(INPUT FOR THIS TASK)
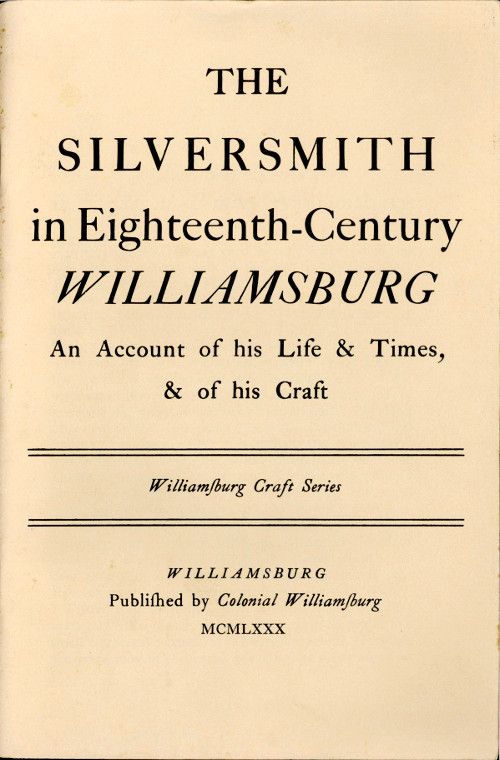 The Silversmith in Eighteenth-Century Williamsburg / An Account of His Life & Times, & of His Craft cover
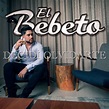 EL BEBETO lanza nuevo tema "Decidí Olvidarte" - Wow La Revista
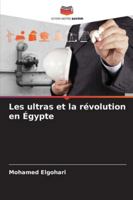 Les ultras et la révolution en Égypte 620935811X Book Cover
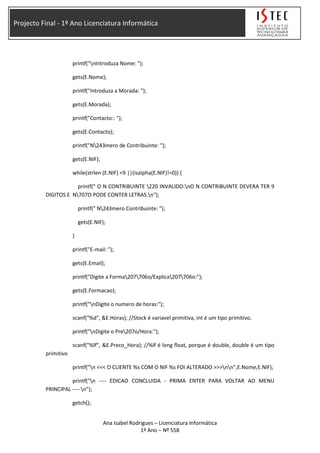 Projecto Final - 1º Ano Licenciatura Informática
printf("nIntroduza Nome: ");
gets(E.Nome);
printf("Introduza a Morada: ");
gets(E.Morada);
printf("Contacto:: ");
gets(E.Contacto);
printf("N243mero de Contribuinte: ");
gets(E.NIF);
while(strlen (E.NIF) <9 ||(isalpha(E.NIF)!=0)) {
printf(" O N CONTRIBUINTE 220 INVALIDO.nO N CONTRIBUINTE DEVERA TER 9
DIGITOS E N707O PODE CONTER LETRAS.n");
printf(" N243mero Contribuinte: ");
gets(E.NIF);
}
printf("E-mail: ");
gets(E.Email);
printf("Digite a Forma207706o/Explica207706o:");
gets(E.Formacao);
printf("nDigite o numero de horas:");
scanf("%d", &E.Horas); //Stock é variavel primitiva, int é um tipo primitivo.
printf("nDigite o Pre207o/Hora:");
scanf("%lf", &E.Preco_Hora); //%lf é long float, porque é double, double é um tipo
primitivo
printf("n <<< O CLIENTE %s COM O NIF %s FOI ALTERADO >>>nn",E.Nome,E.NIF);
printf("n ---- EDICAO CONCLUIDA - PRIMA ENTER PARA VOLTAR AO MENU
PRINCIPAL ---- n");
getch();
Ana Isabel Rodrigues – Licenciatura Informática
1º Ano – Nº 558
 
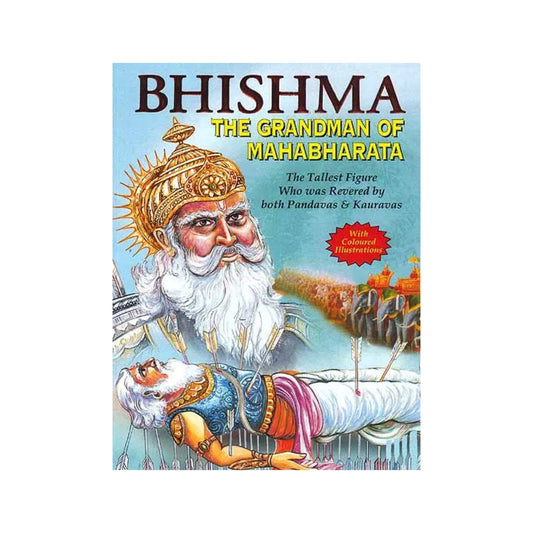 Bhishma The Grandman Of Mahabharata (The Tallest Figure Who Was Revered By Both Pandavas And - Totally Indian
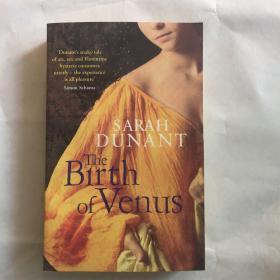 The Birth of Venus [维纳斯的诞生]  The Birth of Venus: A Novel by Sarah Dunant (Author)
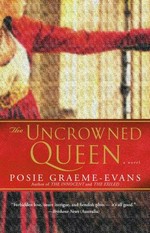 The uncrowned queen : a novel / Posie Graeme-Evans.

(TRY IT) Could you copy the listing above exactly, without its pictures?

(OUTPUT OF THE EXERCISE)
 The Silversmith in Eighteenth-Century Williamsburg / An Account of His Life & Times, & of His Craft cover
 EL BEBETO lanza nuevo tema "Decidí Olvidarte" - Wow La Revista
 Les ultras et la révolution en Égypte 620935811X Book Cover
 Projecto Final - 1º Ano Licenciatura Informática
printf("nIntroduza Nome: ");
gets(E.Nome);
printf("Introduza a Morada: ");
gets(E.Morada);
printf("Contacto:: ");
gets(E.Contacto);
printf("N243mero de Contribuinte: ");
gets(E.NIF);
while(strlen (E.NIF) <9 ||(isalpha(E.NIF)!=0)) {
printf(" O N CONTRIBUINTE 220 INVALIDO.nO N CONTRIBUINTE DEVERA TER 9
DIGITOS E N707O PODE CONTER LETRAS.n");
printf(" N243mero Contribuinte: ");
gets(E.NIF);
}
printf("E-mail: ");
gets(E.Email);
printf("Digite a Forma207706o/Explica207706o:");
gets(E.Formacao);
printf("nDigite o numero de horas:");
scanf("%d", &E.Horas); //Stock é variavel primitiva, int é um tipo primitivo.
printf("nDigite o Pre207o/Hora:");
scanf("%lf", &E.Preco_Hora); //%lf é long float, porque é double, double é um tipo
primitivo
printf("n <<< O CLIENTE %s COM O NIF %s FOI ALTERADO >>>nn",E.Nome,E.NIF);
printf("n ---- EDICAO CONCLUIDA - PRIMA ENTER PARA VOLTAR AO MENU
PRINCIPAL ---- n");
getch();
Ana Isabel Rodrigues – Licenciatura Informática
1º Ano – Nº 558
 
 Bhishma The Grandman Of Mahabharata (The Tallest Figure Who Was Revered By Both Pandavas And - Totally Indian
 The Birth of Venus [维纳斯的诞生]  The Birth of Venus: A Novel by Sarah Dunant (Author)
 The uncrowned queen : a novel / Posie Graeme-Evans.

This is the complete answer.